The IP addresses may be different in your case

Results back from ifocnfig command

#1 Step

Check the connected devices on your network to get the machine’s IP by using netdiscover tool (built in with kali), the command which used is

netdiscover -r

Netdiscover results which get back the IPs address of the connected devices

Or by using my own tool which I used it because it not take more time like netdiscover, you can find and download it in here

My own tool which get the same results but in less time

You’ll notice that the machine’s IP is (It may change in your network)

#2 Step

After knowing the IP address of the machine try to open it in the browser and you’ll get the default web page like this

Default web page of the machine

If you try to open any link of the links in this page you will not get any sensitive information so let us try to perform brute forcing in the directory by using tools like Dirsearch, Gobuster or Dirbuster

You can download Dirsearch from this link

But unfortunately we don’t get any sensitive disclosure through the directories which we try to open. So for now we will look at the error messages like inertign any word in the directory like admin to get 404 error page, may be get important informaiton about the server or anything else

Try to insert and note the results

404 Error messages contain server version

Now look at the information ! It’s the server version. Nice

Also don’t forget to check the automatic scanner like Nikto to get some of important information back to you like this

Nikto scan results

You’ll notice some of information like services or versions is outdate, server type and version, some of available directories, etc. For now note all this information, we’ll use if later.

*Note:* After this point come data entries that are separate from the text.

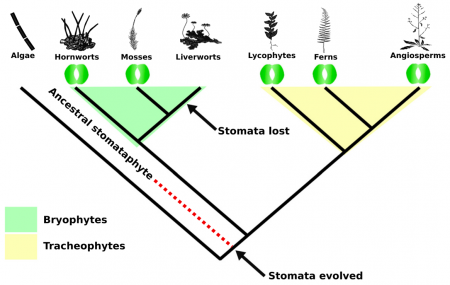 Phylogenomic evidence for reductive evolution of stomata (Curr. Biol ...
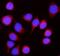 Nicastrin antibody, A03144-1, Boster Biological Technology, Immunofluorescence image 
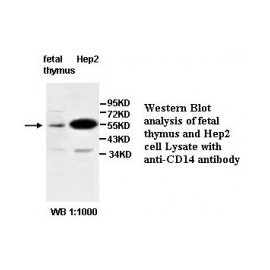  CD14 Antibody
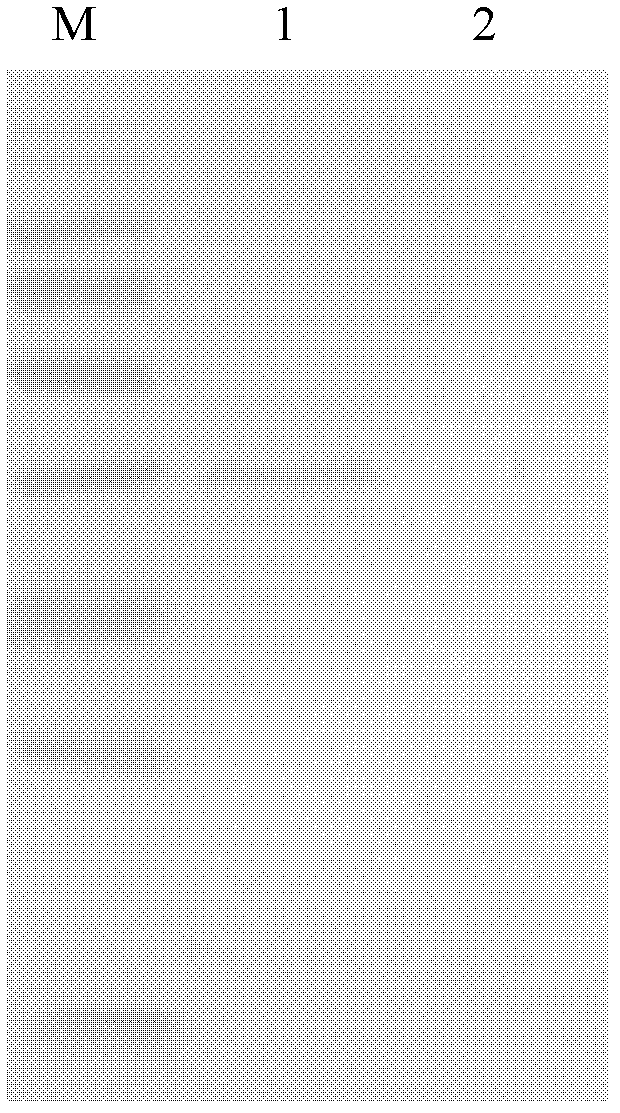 Porcine circovirus II type capsid protein gene, construction of expression vector and efficient expression method of proteins of porcine circovirus II type capsid protein gene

That’s enough for this step, let us go to perform port scan

#3 Step

In this step we are searching of the open ports which we could use it to connect internally with the machine. We will use Nmap built in tool to do this task.

Nmap scan

You’ll notice that the machine have 22, 80, 111, 139, 443 and 32768 ports are open. For this ports I think that 22, 139 and 443 is the most important ports in this list so we’ll search about this service’s version like OpenSSH, smb and mod_ssl

Note also the OS version is inserting in the end of the results, we also should note this information

#4 Step

We’ll start by searching about openssh vulnerabilities by using searchsploit built-in tool

Searching about vulnerability related to openssh version which related to ssh port

You’ll notice multiple vulnerabilities which related to the ssh, so we’ll try to search about one which be the same version of our port machine 2.9p2 but unfortunately we didn’t find it. So what’s the next step ?

We’ll search by the same way about another vulnerable port, let’s start again with mod_ssl

Searching about mod_ssl vulnerability

Note that our mod_ssl version is 2.8.4 so we can use OpenFuck exploitation. Check the path /usr/share/exploitdb/exploits/unix/remote/ which is the path of the exploitation’s tool.

In the latest update of the Kali Linux this exploitation have more problems and you should use the update version from GitHub form here

After downloading the updated version of the tool we will install it like this

Installing steps of OpenFuck

After installing it, try to open it and insert the parameters which is required.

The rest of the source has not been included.